How has the ICEF programme helped you develop in data science?
At that time, it was only the second year that ICEF was offering a new course on big data by Fabian Slonimczyk. The seminars were conducted by Stepan Zimin, senior analyst at McKinsey Advanced Analytics. This was a very useful and well-put-together course in addition to the programme’s fundamental disciplines. For me, it became one of the ways to structure everything I knew and learned about data science. I had picked up a lot of the information in the course on my own and some of it I learned at work. The course helped me to form a single picture and to mentor less experienced students in the course materials. I was already working in data analytics at the time. This course could prepare a beginner for a position as an intern or junior at an IT company. Of course, it is based on mathematics and econometrics—that are the core of the ICEF and computer science programmes at HSE University and very important when getting started in the profession.
Did you manage to combine work and study as a master’s student? Is that a good idea?
It is possible to combine them, but few students can manage it in practice. You need sufficient motivation and ambition for it because you’ll have to work hard and sleep little. For those 18 months of classes, you need to be prepared to devote 15-16 hours a day to work and study, and to keep yourself in shape at the same time. It seems to me that focusing only on studies, as apart from what’s happening in the industry, would not be as effective for a student’s development.
For example, I developed my technical skills such as coding at work. ICEF helped from the financial and economics standpoint, because now data scientists are very valuable on the market who can not only develop a model, but also find a solution to a business problem using analytics, and at the same time evaluate the economic effect. It was an effective combination of different types of activities: at work, I developed the technical side on my own, and at the same time I gained an understanding of what is happening in finance and economics and developed a business sense. This helps quite a bit and makes you a versatile individual who can deal with both financial and economic issues and develop a model at the same time.
What does a data scientist do in consulting? What exactly is technology consulting?
Oliver Wyman had its own internal startup—a banking platform where I began my path as a junior in a small team consisting of a product owner and another data scientist. (Subsequently, several other great guys joined our ranks.) We developed models for assessing the credit risk of legal entities using publicly available data and sold this service to banks on a subscription basis. As a result, the bank could simply go to our website, enter the taxpayer ID number of any organisation in Russia and receive an evaluation of whether or not it was a reliable borrower, as well as detailed analytics showing why the model reached this conclusion—and all within the framework of the IFRS 9. We performed detailed analytics and formulated conclusions that influenced decisions on whether or not to issue loans. As a result, several tens of billions of rubles were issued through our platform.

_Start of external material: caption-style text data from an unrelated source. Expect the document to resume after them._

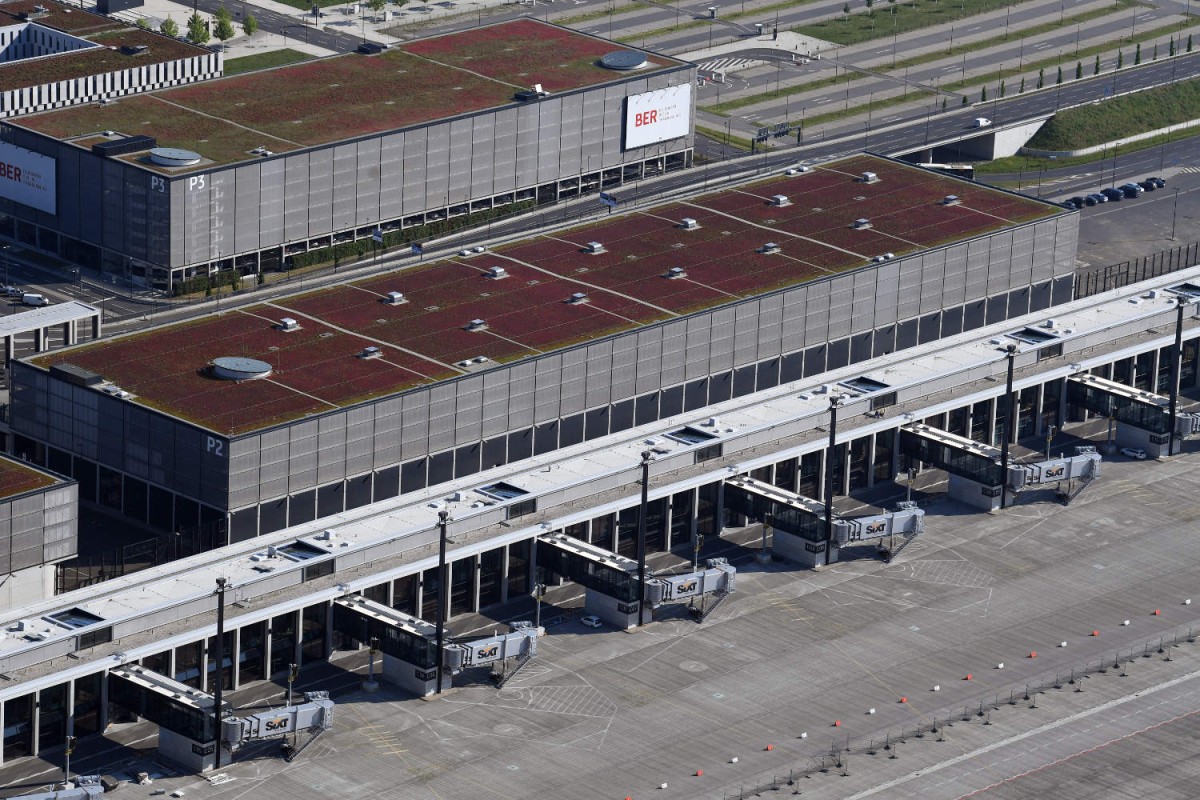 Aeroporto de Branderburgo na Alemanha: 5.000 milhões de euros 6394716c981154911e22f16535d3eab55a99e97c292b2fa30e4d30d11313fef2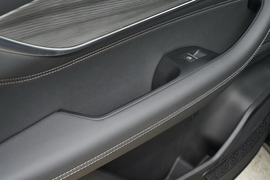 2025款奇瑞瑞虎8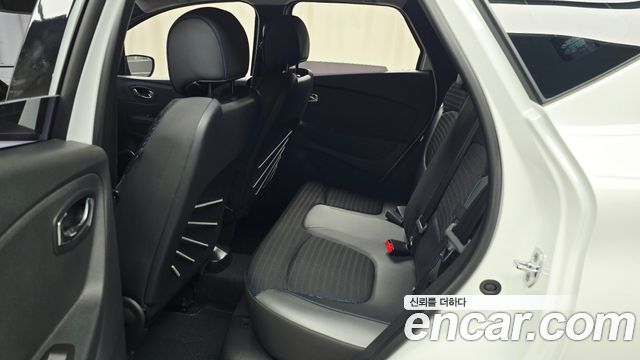 Renault Korea QM3 RE Signature 2017 — фото 12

The consulting side was that we interacted with the client and then, using the bank’s numbers and portfolio, proved how much he could save, how well our model worked with his data, and why it was worth buying our solution.
At EY, I worked more on pricing projects—that are more like classic consulting projects—and did a little NLP (Natural Language Processing). Consulting starts where you and the client discuss your problem-solving methodology and his expectations, then put this in digital language (business value metrics) to green-light the project and, once it was completed, measure its effectiveness. The technological side concerns which tools to use and how effectively the problem can be solved. As practice shows, a powerful model is not always needed to help a business and this is worth considering. The data scientist must think through and form the infrastructure of where and how this technical solution will be supported.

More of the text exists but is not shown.